In November 2020, I worked on my first fully green-screen CG video. The project, a no-budget venture to expand my portfolio, required a 3D model of the performer to achieve certain shots and ensure proper data collection. With limited resources and a tight deadline for a New Year’s release, I turned to an emerging AI tool that could generate rough 3D models from a single photograph.
While the AI tool offered promise, it was far from perfect. It produced low-detail models, which were only usable in specific conditions, such as distance or out-of-focus shots. Additionally, in its early stages of development, the tool required manual compilation and lacked user-friendly software interfaces. My task was not just to use this tool but to understand how it worked to troubleshoot and optimize its outputs.
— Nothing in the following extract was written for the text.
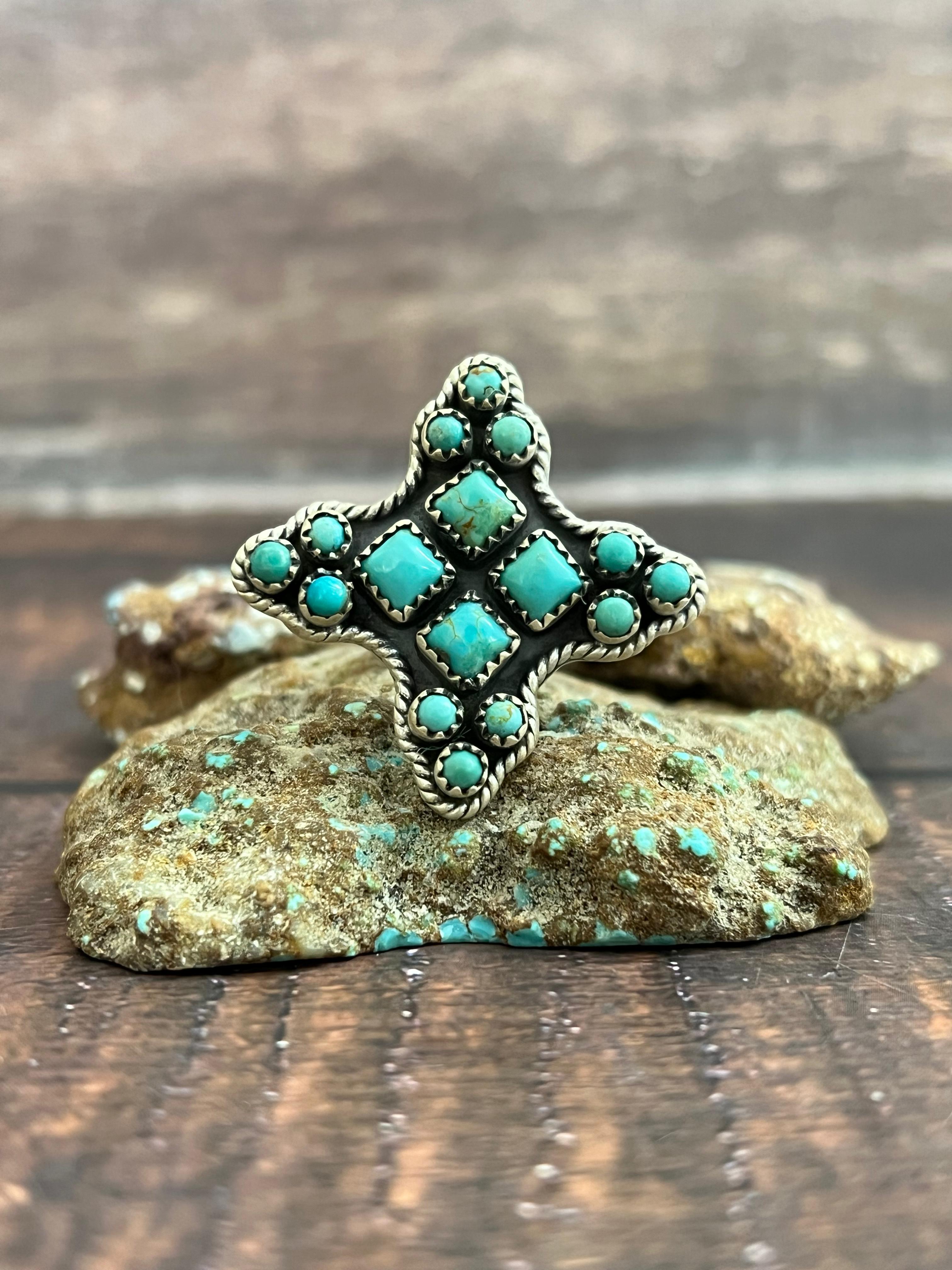 Handmade Sterling Silver Kingman Turquoise Adjustable Ring, Signed Nizhoni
I began by photographing the performer in a T-pose against a white cyclorama background, aiming for a straightforward setup to aid rigging. However, despite experimenting with various color corrections, the AI consistently failed to produce a usable 3D model.
Recognizing that the AI’s training data likely comprised images of people in natural poses and environments, I deduced that the T-pose might be too unnatural for the model to process effectively. To test this theory, I used Photoshop to reposition the performer’s arms into a natural resting pose and replaced her open hands with images of fists, making the photo align more closely with the kind of data the AI had likely been trained on.
This adjustment worked. The AI successfully generated a 3D model that met the project’s needs. This outcome demonstrated the importance of not just applying AI tools but also understanding their underlying mechanics. By reverse-engineering the model’s limitations and adapting my input accordingly, I was able to overcome challenges and maximize the tool’s potential.
This experience reinforced the value of critical thinking and problem-solving when working with AI in VFX. It’s not enough to use these tools at face value—understanding how they function can unlock their full capabilities, even in resource-limited scenarios.